Wednesday, July 14, 2010

The German Connection

Virginia Vonderheide Ryan was the first-born child of August Henry Vonderheide and Anna Catherine Moser. August (great-grandfather to me) emigrated to the United States from Holdorf, Germany in 1881. He was only eight years old. August had two older twin brothers, Joseph and Henry, who were born in Holdorf in 1870. One sister, Elizabeth, was born about 1872 and died in infancy. I've not been able to find a record of her baptism.

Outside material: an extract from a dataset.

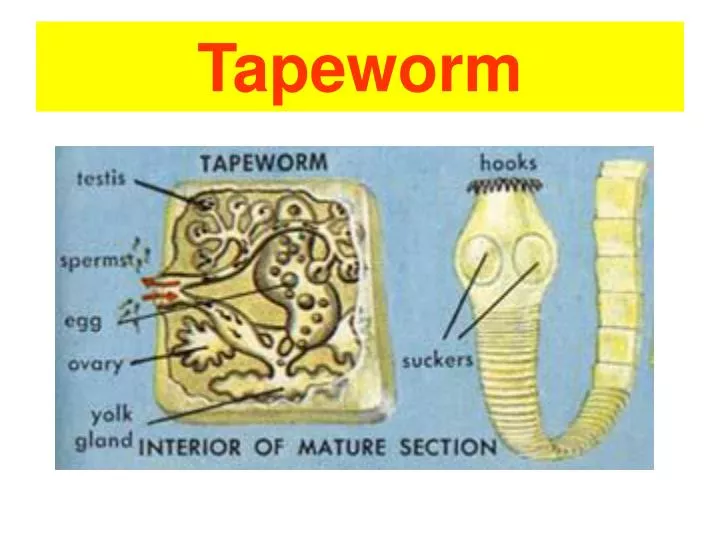 tapeworm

The von der Heides, as the name was written in Germany, were part of a large migration of Germans from northwest Germany to the United States. Germans from this area started leaving around 1830 and continued to leave in great numbers through 1880. In a lecture delivered by Franz-Josef Tegenkamp before the Oldenburg Genealogical Society in 1997, one reads that ". . . if one is to take the three parishes of Damme, Neuenkirchen, and Holdorf, which together made up about 10,000 people, about 8000 left." Of this number, 95% of the emigrants went to the United States. You can read the entire lecture by clicking on

What would prompt people to leave the land of their birth, parents and siblings for a new country with a different language and customs? Actually, there wasn't much of a choice. All of the villages in the southern part of Oldenburg were overpopulated. There was "scanty soil and no fertilizer, little farms on which every farmer had four to six hireling-families. Forty or fifty people lived on one farm, and the farm had to feed them all. People needed to have a second job for having a little income."
The main reasons for emigration were:
  1. The pressure from the farmer
  • the hireling had to help any time the farmer wanted him to
  • the hire-rent was too high
  • the hireling had no chance to have fertile soil
2. Bad harvests because of strong, cold winters
3. Six years of military service required, especially for the hireling-sons
4. The wish of independence and the hope for a better future
Our von der Heides, typical of the time, came to Cincinnati because of "chain migration". Other von der Heides and friends had already emigrated to Cincinnati. They came by way of Baltimore, landing in Maryland on June 30, 1881. From here they made their way to Cincinnati (probably by train) and settled in the Cincinnati area, living on both sides of the river.

Unfortunately, within 8 years of their arrival in Cincinnati, Herman Heinrich VDH, known as "Henry" in the United States, was dead. His funeral was held at St. Paul Church in Cincinnati. For whatever reason, his widow relocated to Covington, Kentucky. There our family history really took shape as my g-grandfather August met and married Anna Catherine Moser. The next several posts will tell the story of Anna and her family.